Failure to Respond Timely to Call Lights for Dependent Residents
Penalty
Summary
The facility failed to respond to call lights in a timely manner for two dependent residents. One resident, who had hemiplegia, hemiparesis, and Parkinson's disease, was observed waiting in her wheelchair for over 55 minutes for staff to change her wet brief. Despite activating her call light multiple times, staff either turned off the call light and left without providing care or informed her that care could not be provided during lunch due to contamination concerns. Staff, including CNAs and an LPN, were observed in the hallway and at the nurse's station but did not respond to the resident's repeated requests for assistance. The resident's care plan required assistance with toileting and incontinence care, and staff were expected to check her every two hours for incontinence. Another resident, who had a recent below-the-knee amputation and was dependent for toileting and transfers, reported that staff were often slow to respond to his call light, resulting in accidents and the need to wear an adult brief.

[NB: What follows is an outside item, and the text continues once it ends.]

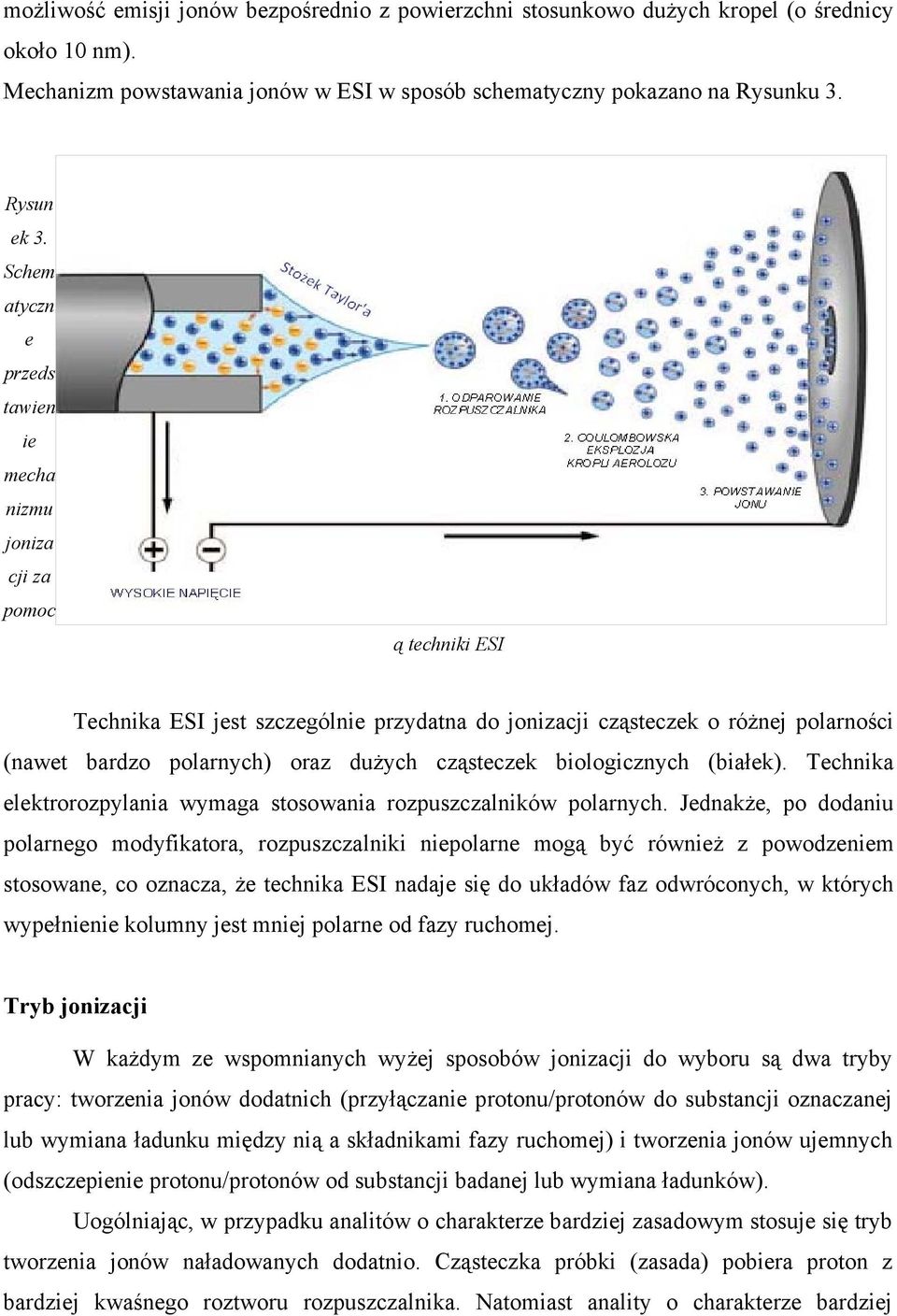 cząsteczek biologicznych (białek). Technika elektrorozpylania wymaga stosowania rozpuszczalników polarnych.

This resident was also assessed as being cognitively intact and required assistance with elimination and incontinence care as needed. Both residents' care plans included keeping call lights within reach and providing timely assistance. The Director of Nursing Services stated that call light response times should not exceed five minutes, and the Executive Director acknowledged that it was unacceptable for call lights to go unanswered for extended periods. However, the facility did not have a specific policy regarding call light response times.